MONTECATINI – Ogni volta che parlo con Sauro Magni, mi torna in mente quel giugno del 2007, trascorso perennemente con gli occhi puntati sul display del cellulare, in attesa di una sua telefonata. Quella chiamata che arrivò, come previsto, mi dette la possibilità di lavorare con lui nella Pistoiese.
Un anno piuttosto complicato, per le sorti dei colori arancioni, come ricorderà Sauro durante la conversazione qui di seguito, ma altrettanto ricco di esperienze per la mia vita professionale.
Non dimenticheremo mai, né io, né lui, quei momenti passati insieme, che sicuramente ci hanno legato molto.
Devo a Sauro molti insegnamenti: di calcio, di vita e di responsabilità, che non avrei mai potuto acquisire, dai pur tanti libri studiati, durante il mio percorso universitario: triennale prima, specialistico poi.  

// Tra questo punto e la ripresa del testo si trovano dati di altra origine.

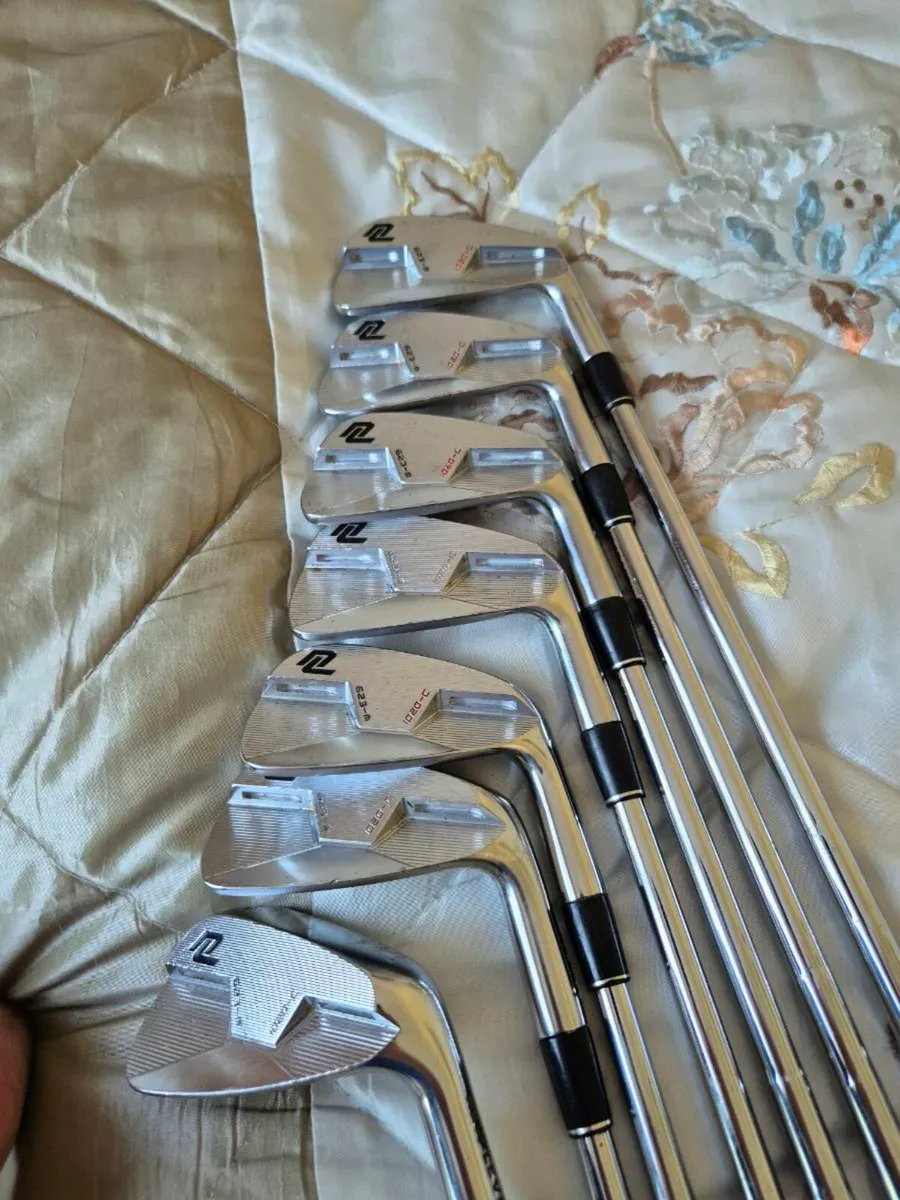 For sale Golf Irons - Image 4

In questa chiacchierata, Sauro, ci parlerà di sé e delle sue idee per migliorare il calcio, da uomo esperto e profondo conoscitore della materia qual è, a noi non rimane che ascoltarlo.
 
1) Da centravanti, quale sei stato, è veritiera la frase fatta che recita: “l’attaccante vive per il gol”?
 
Personalmente non vivevo per il goal, anche se era un qualcosa che mi veniva richiesto: dato il mio ruolo di attaccante. Premetto che mi sono sempre adattato a qualsiasi ruolo d’attacco, anche se la mia vocazione era più portata al dialogo con i compagni e non alla ricerca sistematica della conclusione a rete. Ho segnato oltre cento reti, nei campionati che ho disputato, ma credo di aver fornito parecchi assist ai miei compagni e procurato molti rigori, che molto spesso calciavano i così detti “rigoristi”. Insomma appartenevo a quel prototipo di attaccante più predisposto al gioco di squadra, senza però trascurare la conclusione a rete. Di certo ogni attaccante deve saper fare goal, altrimenti, deve cambiare ruolo, ma vivere ossessionati per il goal credo sia solo uno slogan.
 
2) La tua carriera comincia nelle giovanili della Pistoiese, ma prosegue al Sud, dove trovi la tua dimensione ideale: Nocerina, Cosenza, Potenza…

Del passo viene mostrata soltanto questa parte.